1) We are the richest country, so we spend more on everything. But, our actual spending on health care is still 42% higher than would be predicted just by our overall profligacy, and we aren't getting more for it -- our health status and life expectancy are poor compared to these other rich countries.
2) The other countries have much more concentrated market power on the purchasing side, either single payer systems or multiple payers who work within budgets established by governments (e.g., Germany). By driving a bargain, they get lower prices for drugs, medical devices, etc. Also, there is less overall economic inequality in those countries, so physician's salaries, like the salaries of business executives and financiers, are not as far out of line with most people's pay as they are here. That's actually not such a bad bargain for doctors, though, because their medical education is free and they don't have to pay back a quarter million dollars in student loans.
3) Admnistrative complexity. Because of our very complex system with each provider needing systems for billing dozens of different payers, and the payers having their own overhead and marketing expenses, etc., 24% of total U.S. health care spending was on administrative costs. Note that this is not because of our public insurance programs (Medicare and Medicaid). Administrative expenses for private insurance are 2 1/2 times as high.
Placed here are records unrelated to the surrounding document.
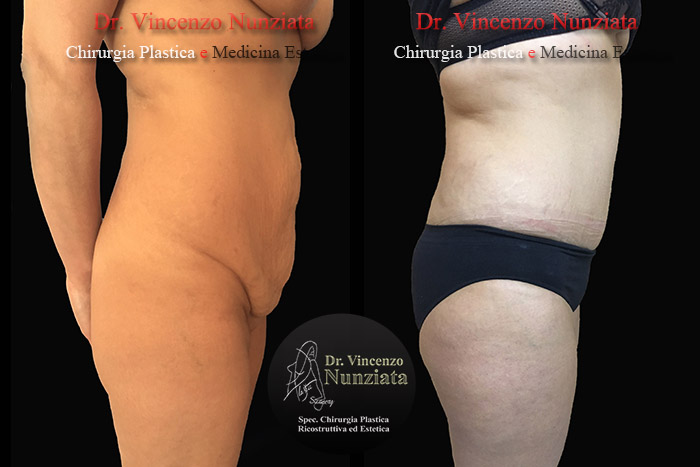 Addominoplastica prima e dopo – Paziente 15 – Dr. Vincenzo Nunziata, chirurgo plastico – foto 3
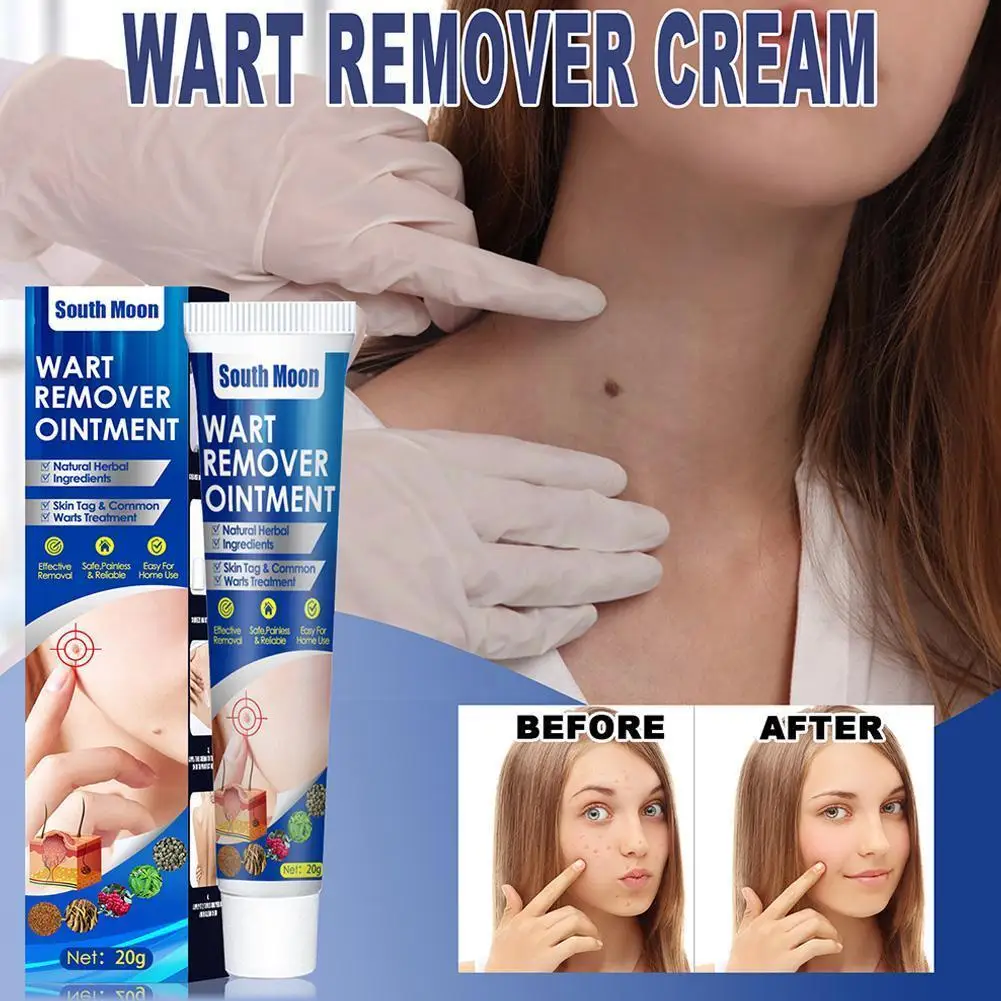 

Warts Remover Cream Skin Tag Remover Against Mole Antibacterial Wart Corn Plaster Treatment Ointment Extract Herbal Z4Q6
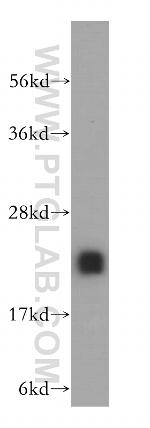 MTHFS Antibody in Western Blot (WB)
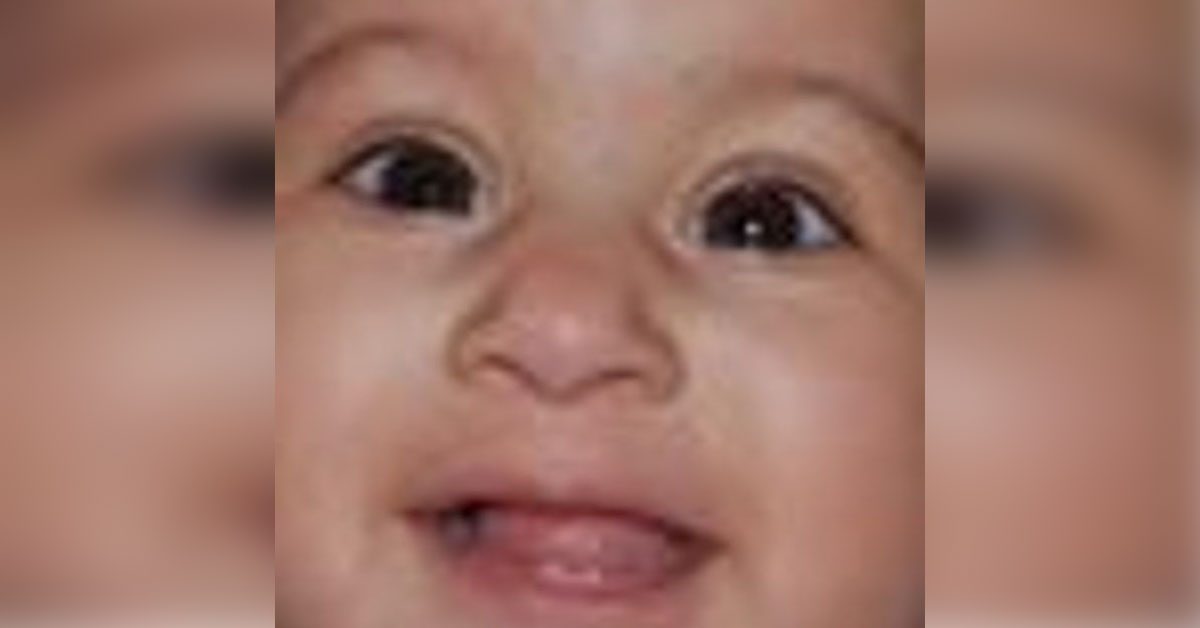 Rare Case Of Bilateral Congenital Corneal Dystrophy With Associated Ant Staphyloma Left Eye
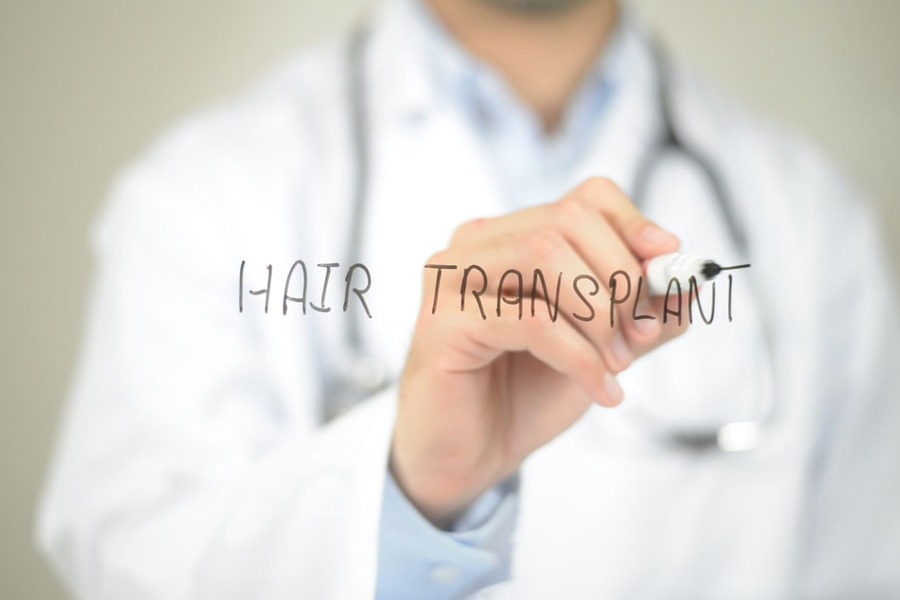 Getting Ready For Hair Transplant Surgery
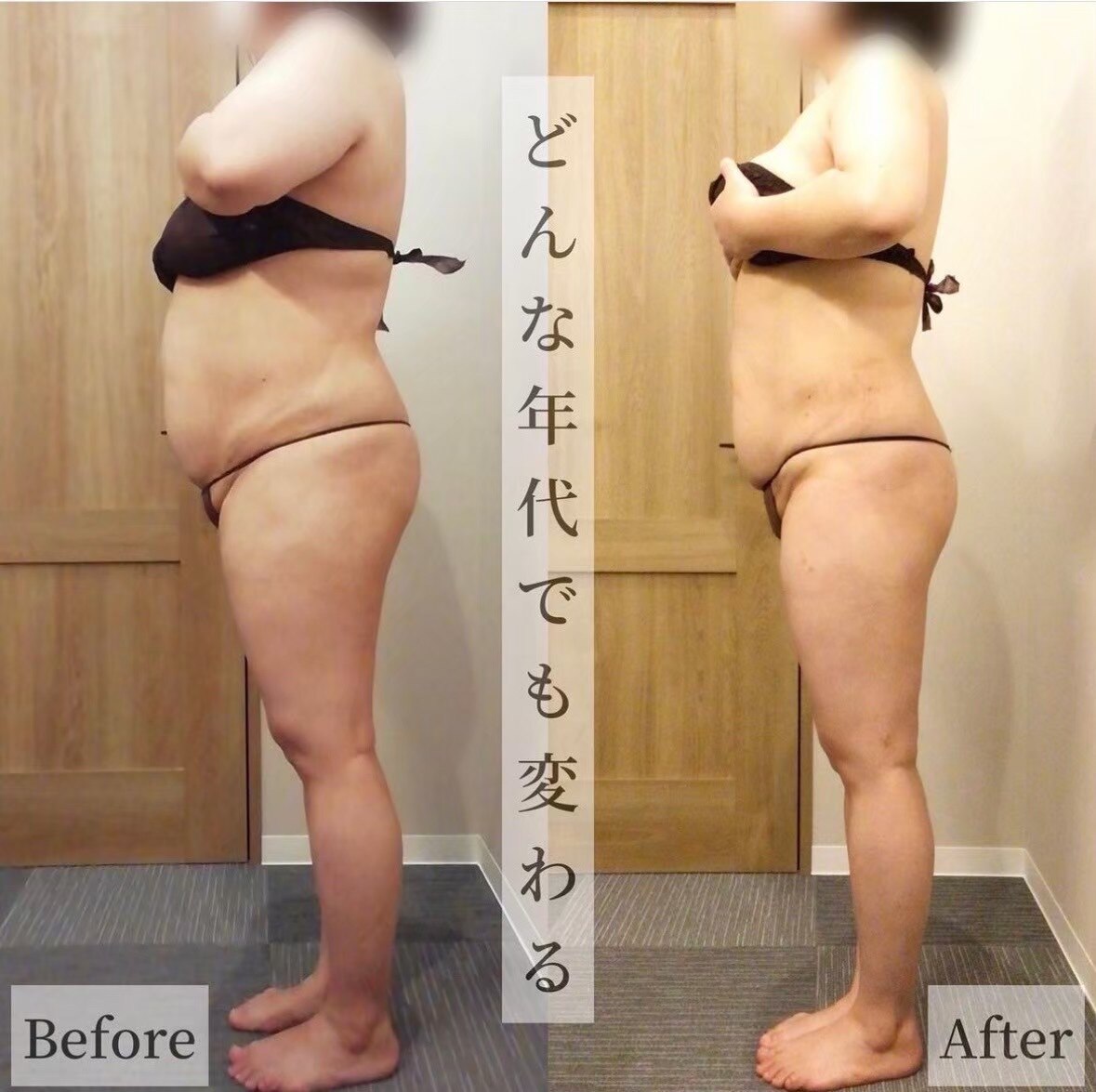 【1日3名様限定★】全身痩身♪4Dシェイプ+ハイパーナイフ+全身リンパ《90分》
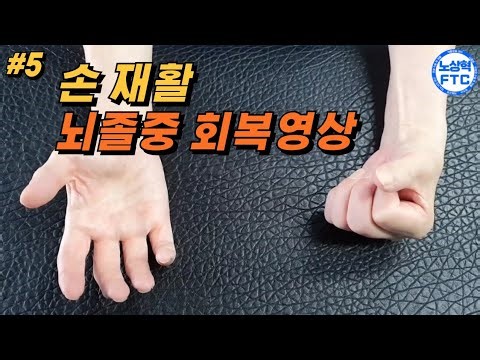 뇌졸중 재활운동(손의 회복 -Shoulder hand syndrome)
4) Finally, and this is a small part of the total and difficult to quantify, there probably is somewhat less use of extremely expensive interventions that have a small payoff in the other countries. Here, as Reinhardt et al write, "neither private health insurers nor . . . Medicare and Medicaid appear to have any explicit guidelines on the maximum pricer per [Quality Adjusted Life Year]* procured through health care. . . . For low-income Americans without health insurance, there may well be much lower, haphazardly imposed implicit upper limits on the price per QALY that society is willing to pay on their behalf."
Can we afford to keep paying this much? The basic conclusion of Reinhardt and friends is that we're a rich country, the country as a whole can pay it if we want to, but low income people will increasingly either be deprived of health care, or impoverished by paying for it. In the Ownership Society, however, that's just too damn bad for them. They should have gotten rich, like self-made man George W. Bush.
* I discussed QALY's earlier. Basically it's a unit meaning a year of life adjusted for sickness and disability. It gets weird to think about life in dollar terms but it's unavoidable because that's what spending on health care is supposed to be buying us.